In a message to the Slovak people written in the palace book of honor, Francis wrote that he came as a pilgrim to Bratislava and was praying that the country may be a “message of fraternity and peace in the heart of Europe.”

After a rigorous day in Budapest on Sunday, Francis, 84, spends Monday in Bratislava where the highlight of his visit is an afternoon encounter at the capital’s Holocaust memorial, built on the site of a synagogue destroyed by the communist regime in the 1960s.

He goes into the event having called on Sunday for Christians and Jews to work together to stop the rise of antisemitism in Europe, saying it was a “fuse which must not be allowed to burn.”

Slovakia declared its independence from Czechoslovakia on March 14, 1939 and became a Nazi puppet state with a politician and Roman Catholic priest Jozef Tiso becoming the country’s president.

Under his rule, the country adopted strict anti-Jewish laws and deported some 75,000 Jews to Nazi death camps where some 68,000 perished. Tiso was sentenced to death and hanged in 1947.

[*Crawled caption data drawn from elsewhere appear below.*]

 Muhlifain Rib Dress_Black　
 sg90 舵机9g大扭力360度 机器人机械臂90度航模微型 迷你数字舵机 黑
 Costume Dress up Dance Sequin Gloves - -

Now, only about 5,000 Jews live in Slovakia, a largely Roman Catholic country of 5.5 million currently ruled by a four-party center-right coalition government.

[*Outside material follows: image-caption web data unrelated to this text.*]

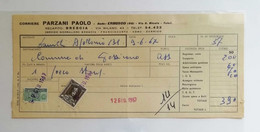 Cedola Trasporto Pacchi In Concessione, Affrancata Con L.70 09/06/1967 - Pacchi In Concessione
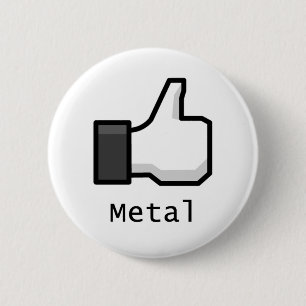 Lik metall knapp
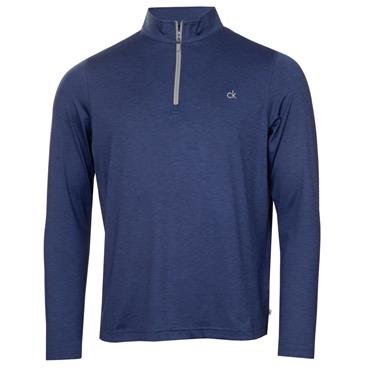 Calvin Klein Golf Gents Cruise ¼ Zip Dark French Navy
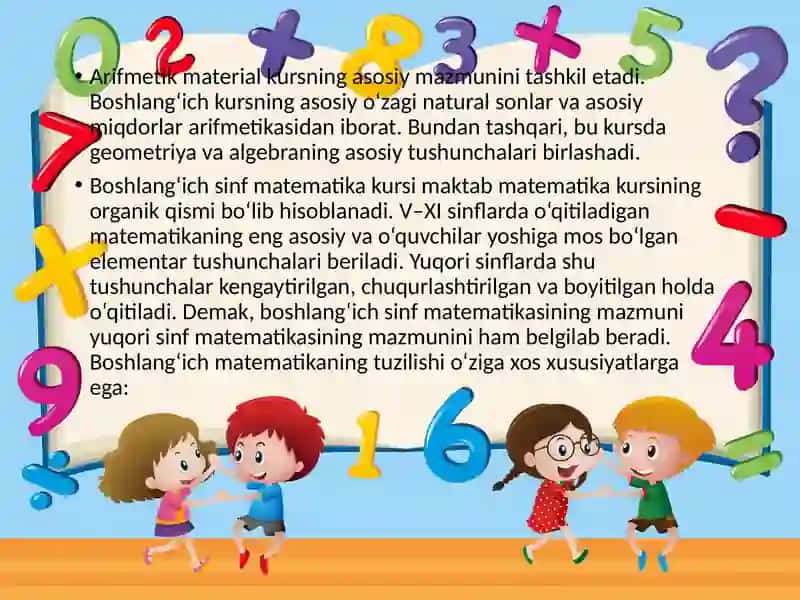 Boshlang‘ichsinflardamatematikao‘qitishmetodlaridanfoydalanish 3
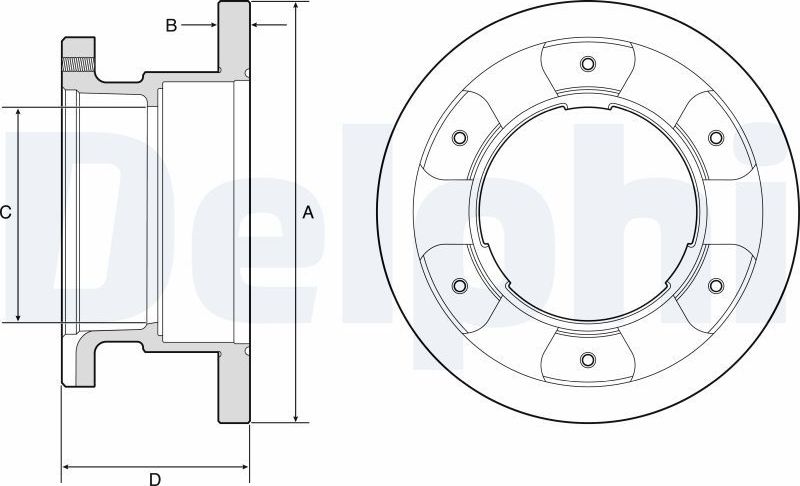 Тормозной диск Delphi. Артикул BG9201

Just last week, the government formally apologized for the racial laws that stripped the country’s Jews of their human and civil rights, prevented their access to education and authorized the transfer of their property to non-Jewish owners.

Marking the 80th anniversary of the “Jewish Code” adopted on Sept 9, 1941, the government said in a statement Sept. 8 that it “feels a moral obligation today to publicly express sorrow over the crimes committed by the past regime.”

The code was considered one of the toughest anti-Jewish laws adopted in Europe during the war.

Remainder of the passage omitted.